Alphonse Lemerre (p. 371-375).

XVII

Cette lettre calma un peu Allan. Il avait dit nous à celle dont il avait respecté longtemps la haute infortune, et ce nous lui fit quelque bien. Repliement de la vanité ! Il eut l’orgueil du coup qui le foudroyait. Avant de tomber si bas il avait un mortel dégoût de sa souffrance ; maintenant elle lui parut plus poétique, et, de fait, elle l’était. Le côté poétique des douleurs humaines, c’est leur côté infini.
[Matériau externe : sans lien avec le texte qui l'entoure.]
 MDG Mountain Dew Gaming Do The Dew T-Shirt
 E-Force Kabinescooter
Mais à se grandir jusqu’au niveau d’Yseult de Scudemor, à jeter sur sa situation longtemps maudite et enfin acceptée le regard concentrique de l’orgueil, ce qu’il y avait de générosité dans ses relations avec Camille disparut. Il l’oublia, quoiqu’elle ne fût pas absente. L’indifférence est l’absence de ceux qui sont là. Tutoiements et baisers ne furent plus que les banalités familières d’un mariage sans signification et sans douceur. S’il avait été dur pour sa femme, il cessa de l’être. Les indifférents sont si doux ! Hélas ! ce ne fut que plus cruel pour elle ; mais l’homme a tant besoin de sincérité dans sa vie que, tôt ou tard, tout est trahi de ce qu’il avait voulu faire un secret !
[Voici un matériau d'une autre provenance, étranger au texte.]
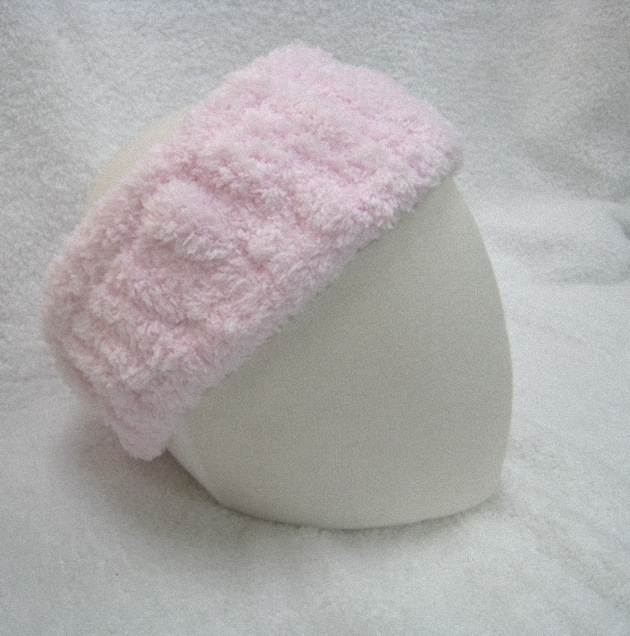 Softest Plush Headband 1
Les dernières larmes qu’il versa, il les avait répandues avec Camille, un jour, dans une promenade silencieuse. Ce jour-là, elle pleura comme lui, et ni l’un ni l’autre ne se demanda pourquoi les larmes muettes dont il était témoin. Nul baiser ne les essuya, et ils ne détournèrent pas le visage pour mutuellement se les cacher. Toute question était inutile. Ils s’étaient aimés, ils avaient vingt ans et à peine un mois de mariage. Quelle était la plus malheureuse de ces jeunes créatures, — de celle qui ne se savait plus aimée, ou de celle qui sentait ne pouvoir plus aimer désormais ?…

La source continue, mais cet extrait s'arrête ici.